Yes, you are absolutely right. Abstract Wikipedia will allow us to generate
such corpora. The big question then will be, whether these corpora are
actually representative enough of the respective natural language? That I
don't know and that's something for researchers to figure out in 2023.
And yes, you touch on a very interesting point: it could be possible that
Abstract Wikipedia will be used for creating parallel corpora between
language pairs where such corpora are currently missing. These missing
corpora make it currently harder to train machine translation for these
languages or language pairs. Or even monolingual corpora that can help with
zero-shot and other neural machine translation approaches.
Thus, the funny thing is that the sheer existence of Abstract Wikipedia
will likely reduce the time window in which Abstract Wikipedia is helpful,
because it will likely be something that will speed up the development of
more reliable machine translation solutions for many more languages.

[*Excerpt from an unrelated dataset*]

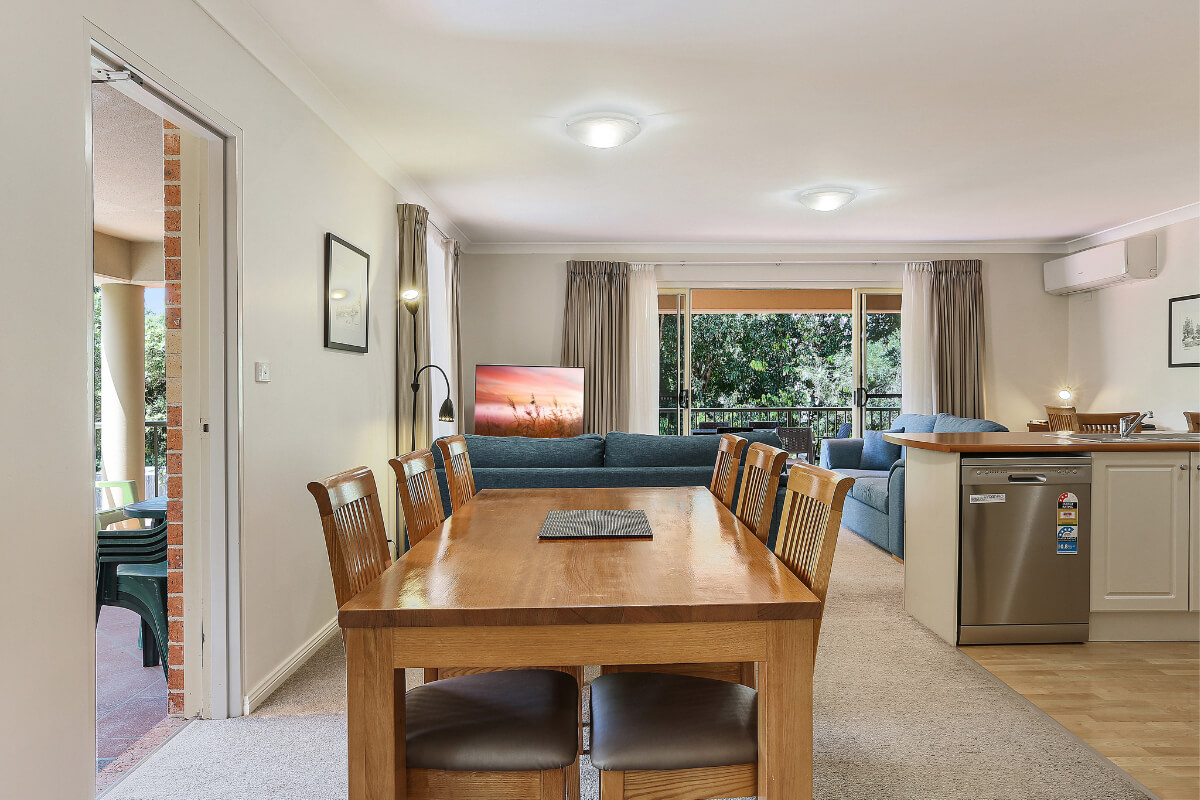 Spacious dining and living area in our two-bedroom poolside apartment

Abstract Wikipedia will help with potentially making Abstract Wikipedia
And that's a good thing.
(Note, that doesn't apply to Wikifunctions)
On Mon, Jun 21, 2021 at 6:50 AM Andy <borucki.andrzej(a)gmail.com> wrote:
Is very hard to make large or even medium size corpus
of sentences, in
which each word would be manually annotated with sense.
Abstract Wikipedia not only allows generate text in many languages from
one source but can be WSD corpus. Moreover: in many languages.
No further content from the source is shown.